#### WORK ITEM:
Starting at the line that contains "Platform Adidas ZX" and stopping at the line that contains "La Plata: un", restate each line of the records below exactly. Omit the pictures.

#### DATA PROVIDED:

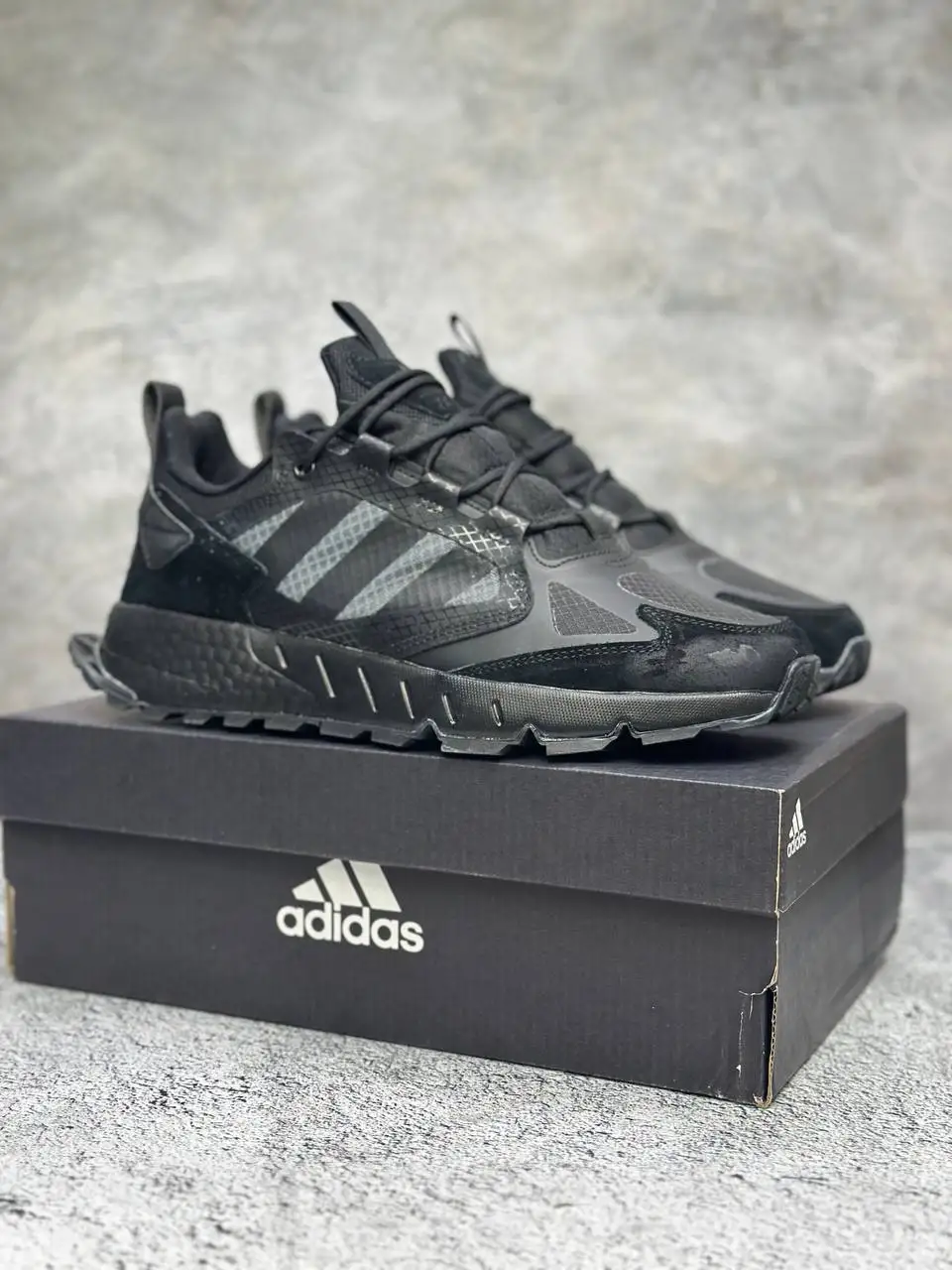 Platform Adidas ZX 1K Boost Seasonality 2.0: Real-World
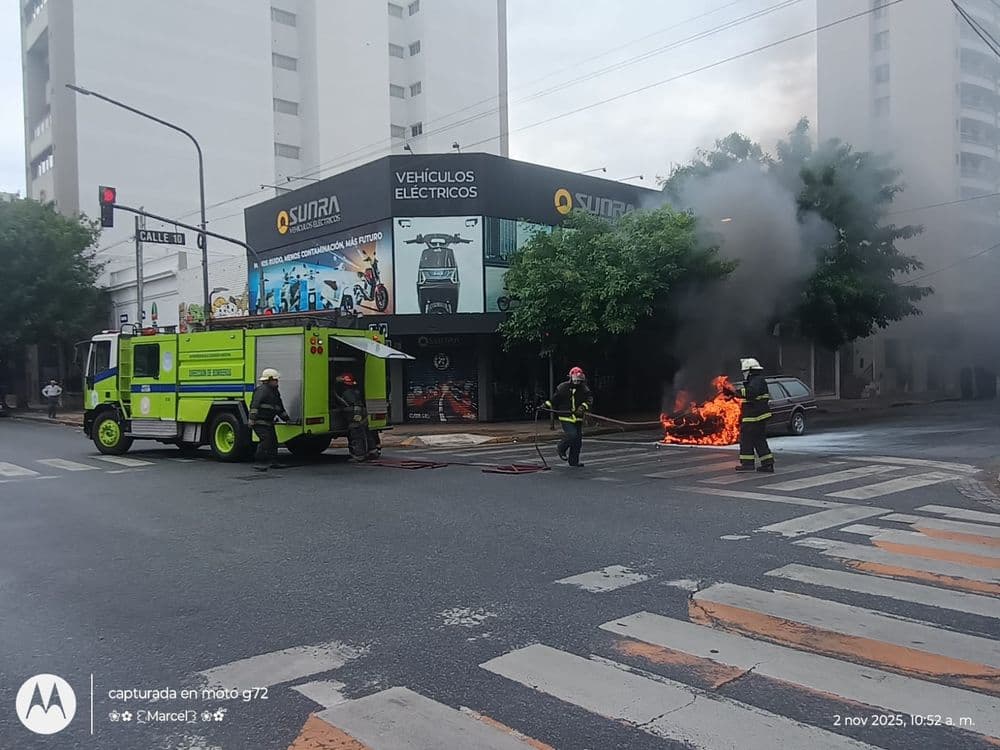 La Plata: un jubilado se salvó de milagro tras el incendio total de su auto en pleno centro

---

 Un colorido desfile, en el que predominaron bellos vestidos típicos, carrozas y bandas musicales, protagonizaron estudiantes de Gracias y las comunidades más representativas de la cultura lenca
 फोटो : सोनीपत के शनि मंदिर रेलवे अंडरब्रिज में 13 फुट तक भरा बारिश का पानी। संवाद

---

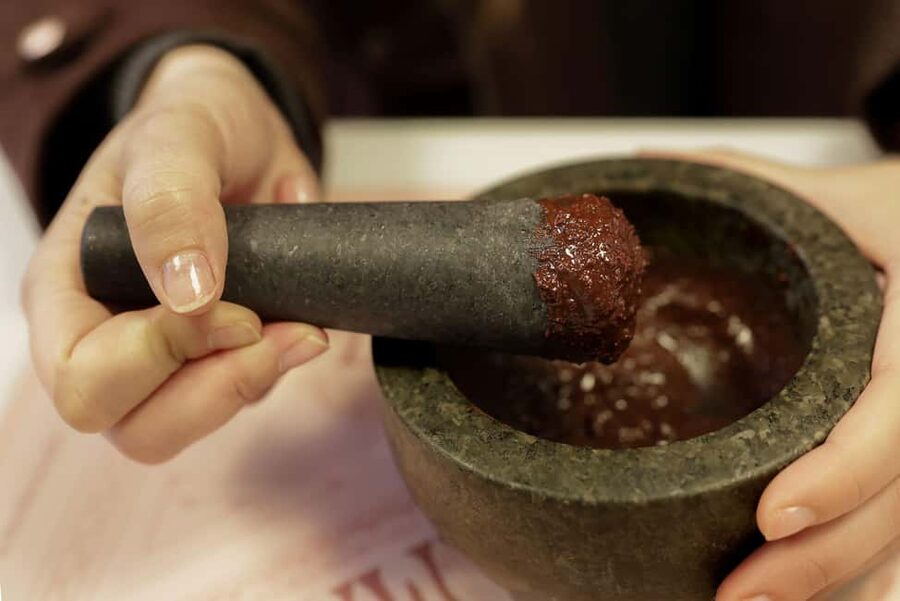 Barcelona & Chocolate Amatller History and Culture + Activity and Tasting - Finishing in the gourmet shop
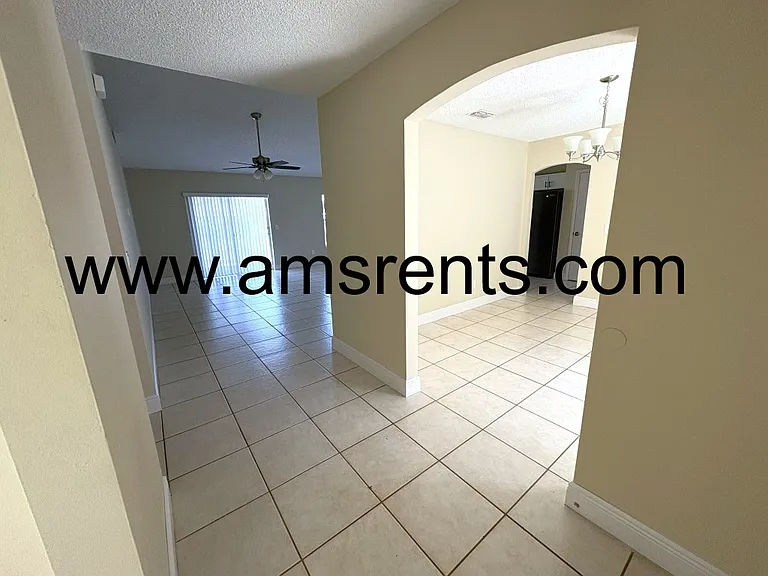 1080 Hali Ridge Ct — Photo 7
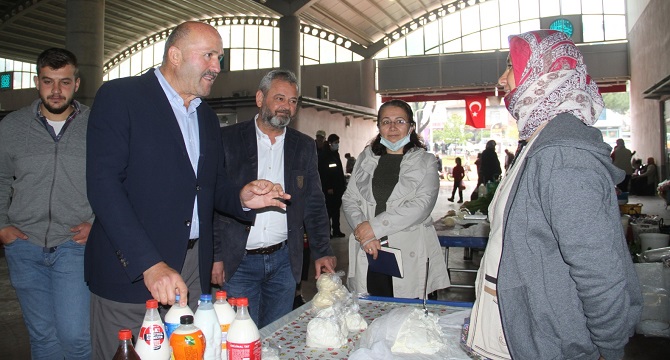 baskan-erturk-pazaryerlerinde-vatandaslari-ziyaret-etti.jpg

#### EXPECTED ANSWER:
 Platform Adidas ZX 1K Boost Seasonality 2.0: Real-World
 La Plata: un jubilado se salvó de milagro tras el incendio total de su auto en pleno centro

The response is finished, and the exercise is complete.